Lagrange multiplier associated with the budget constraint is denoted by \(vh_t\) (shadow value of nominal household wealth)

Labor market

The representative household delegates wage negotiation to a trade union agent
Each period, the household tells the trade union its target level for nominal wage, \(w^\mathrm{flex}\),
The union solves to following optimizing problem including a wage inflation adjustment cost:

\[ \min\nolimits_{\{w_t\}} \mathrm E_t \, \sum_{t=0}^\infty \beta^t\,vh_t \, \left[ (\log w_t - \log w^\mathrm{flex} )^2 + \tfrac{\xi_w}{2} \, (\log \roc{w}{}_t - \log \roc{w}{}_t^{\ref} )^2 \right] \]

where

\(\xi_w\) is an adjustment cost parameter
\(\roc{w}{}_t^{\ref} \equiv \roc{\extern{w}}_{t-1}\) is a reference rate of wage inflation representing the backward indexation present in wage negotiation

The resulting first-order condition (a wage setting equation) is given by

\[ \log w_t - \log w^\mathrm{flex} = \xi_w ( \log \roc{w}_t - \log {\roc{w}}{}^\ref_t ) - \xi_w \, \mathrm E_t \left[ \beta \tfrac{vh_{t+1}\,w_t}{vh_{t}\,w_{t+1}} ( \log \roc{w}_{t+1} - \log \roc{w}{}^\ref_t ) \right] \]

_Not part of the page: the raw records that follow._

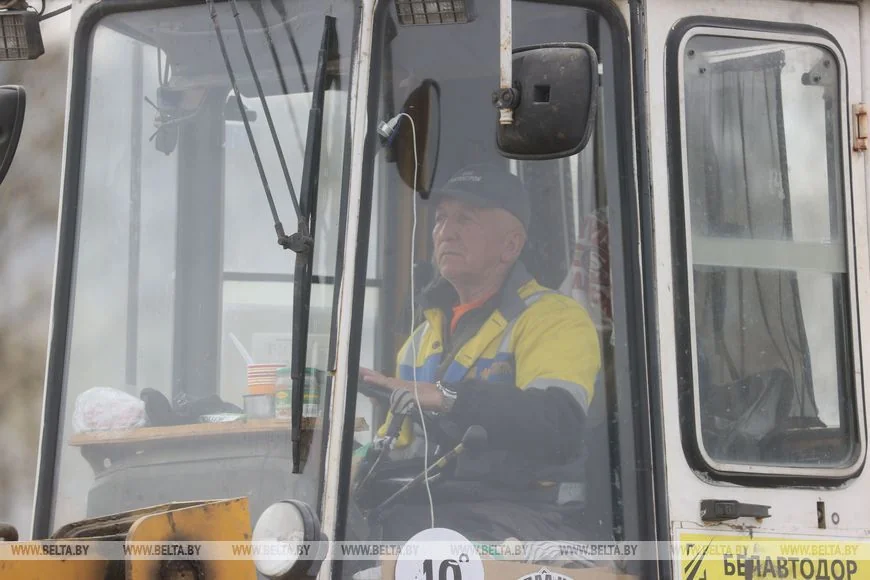 Реконструкция моста в Бреста идёт с опережением графика — что уже сделано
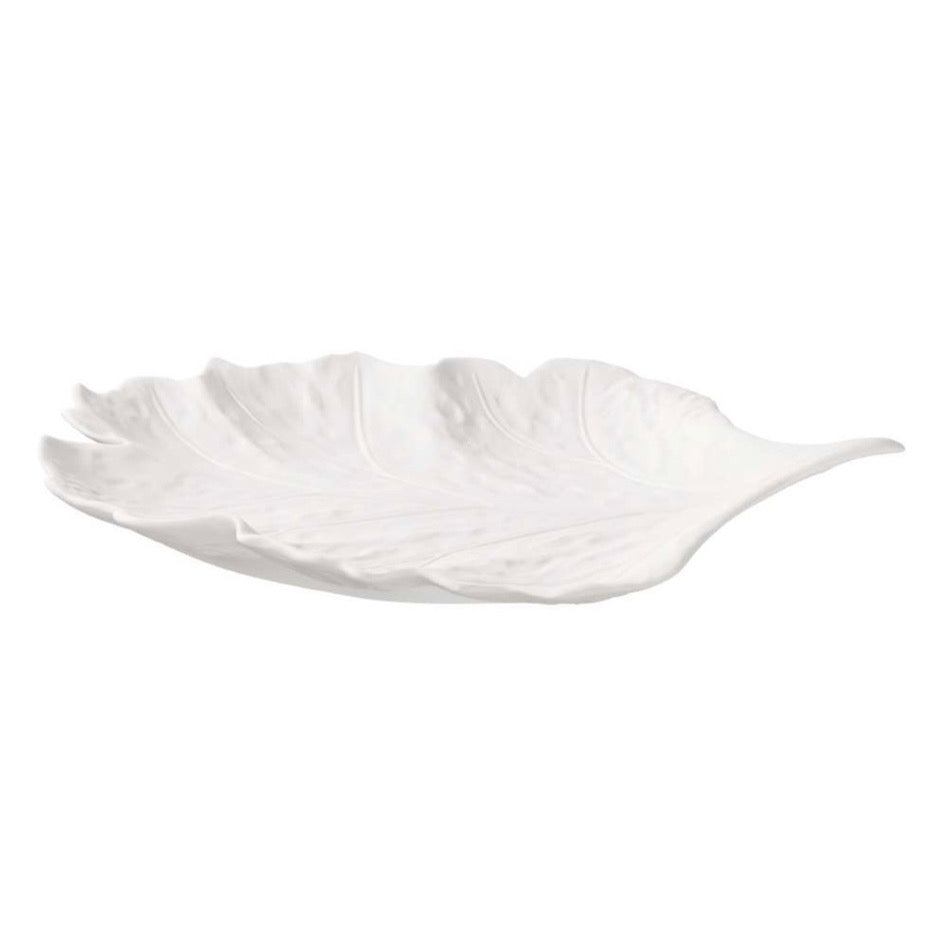 Leaf plate 27cm
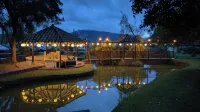 Posada Cafe la Huerta Hotels in 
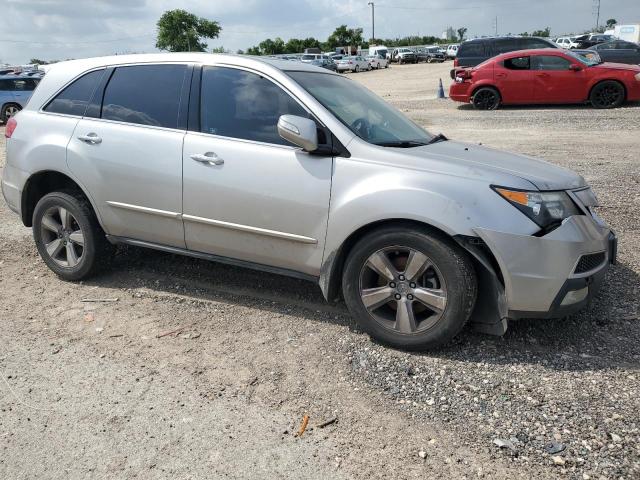 Photo 3 VIN: 2HNYD2H36CH547236 - ACURA MDX 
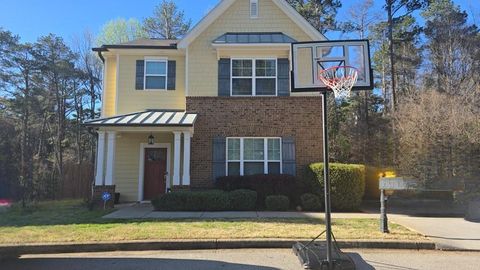 2652 Tilson Road Decatur GA 30032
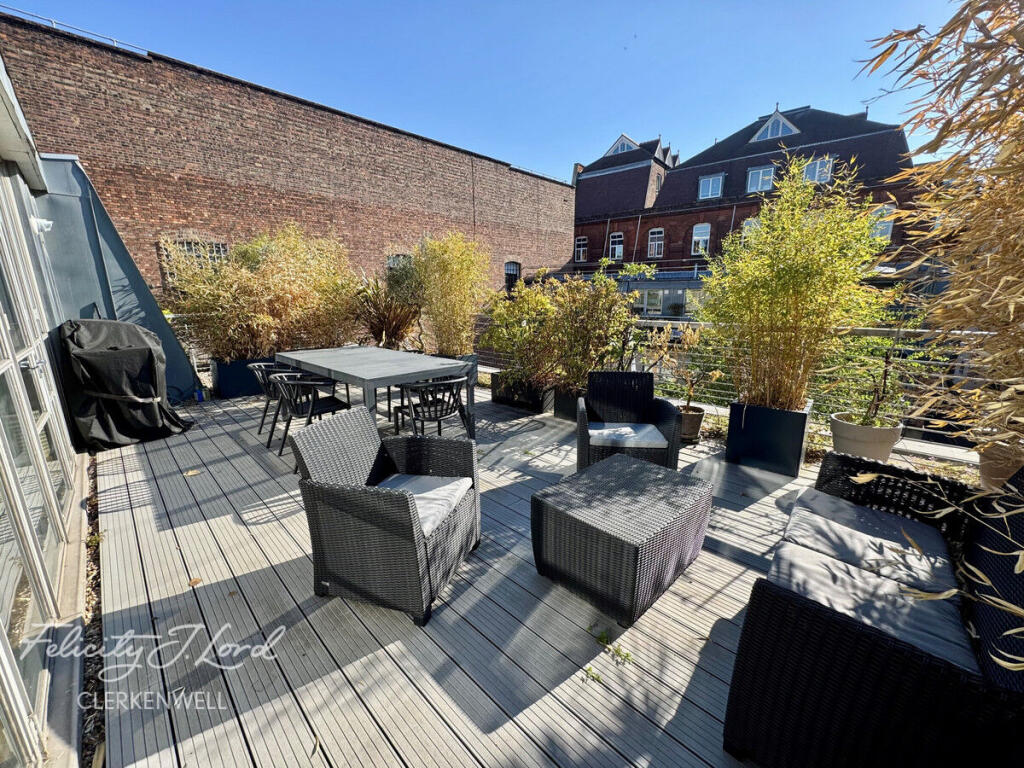 Main image of property: Dallington Square, London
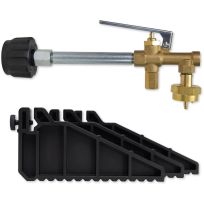 MR HEATER® Fuel Keg Refill Kit, F200049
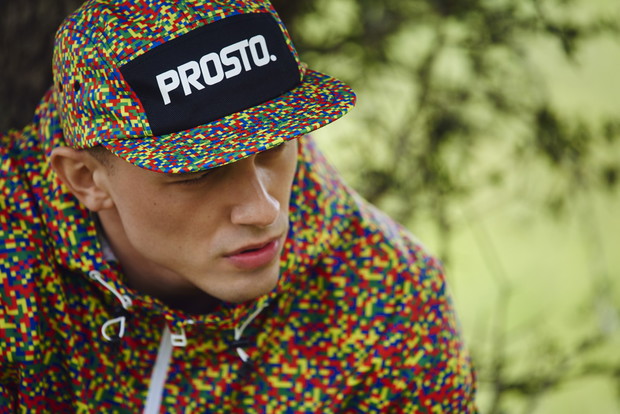 PROSTO wiosna-lato 2016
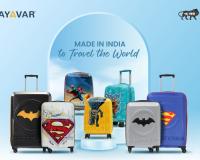 YAYAVAR Building India’s Most Successful Licensed Hard Luggage Portfolio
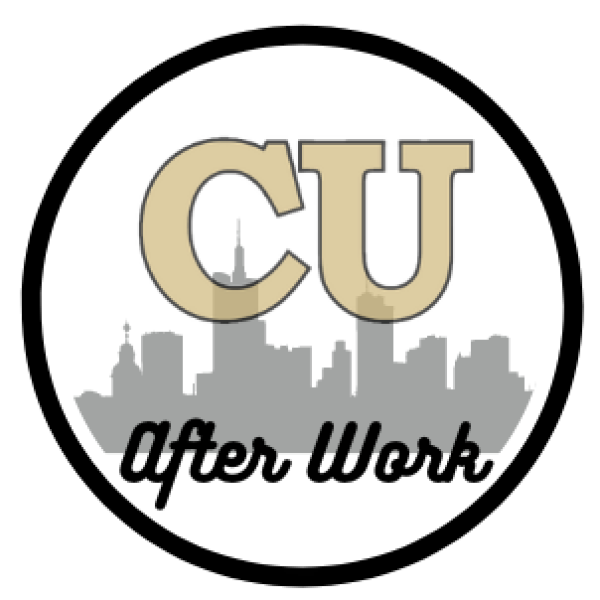 CU After Work logo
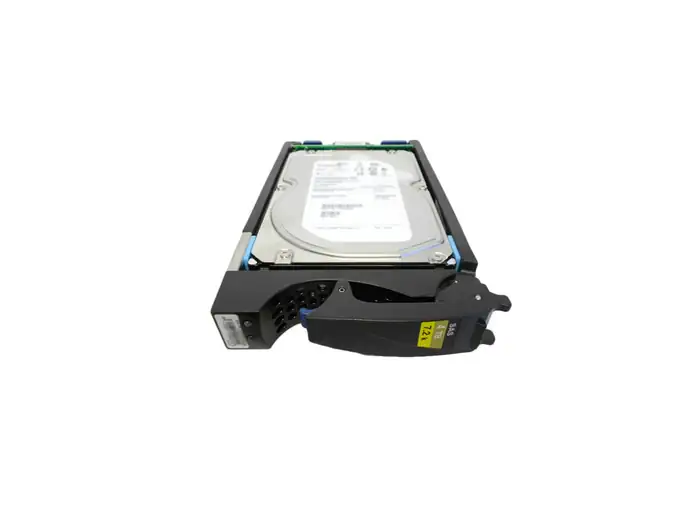 HDD SAS 4TB EMC 6G 7.2K 3.5 for VNX 005050748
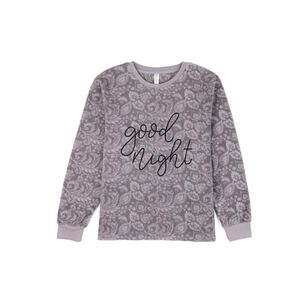 Pijama Mujer Geeps Secret / 2 Piezas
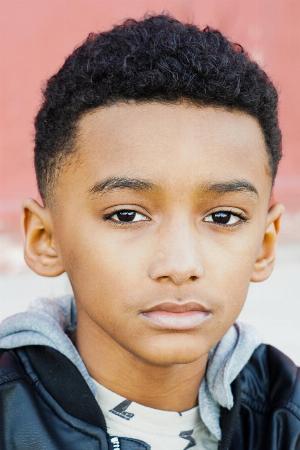 Carter Young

Short-term adjustment costs

The optimizing behavior of the representative household is subjected to two types of costly short-term adjustment processes:

an investment adjustment/installation cost
a capital utilization cost.

The investment adjustment/installation cost comprises two components: departures from a steady-state investment-to-capital ratio, and departures from a steady-state rate of change in investment

\[ \Xi_{i,t} \equiv \tfrac{1}{2} \, \xi_{i1} \, pi_t \, \extern{i}_t \, \Bigl( \blog i_t - \blog \extern{i}^\ref_t \Bigr)^2 + \tfrac{1}{2} \, \xi_{i2} \, pi_t \, \extern{i}_t \, \Bigl( \mathbf{\Delta log\ } i_t - \blog \kappa_{i} \Bigr)^2 \\[5pt] \]

where \(i^\ref_t\) is a point of reference derived from the steady-state investment-to-capital ratio applied to the stock of capital last period,

\[ i^\ref_t \equiv \frac{i_\ss}{k_\ss} \, k_{t-1} \, \roc{\imath}_\ss \]

and \(\kappa_{i} \equiv \roc{\imath}_\ss\) is a steady-state adjustment constant ensuring that the cost term disappears in steady-state.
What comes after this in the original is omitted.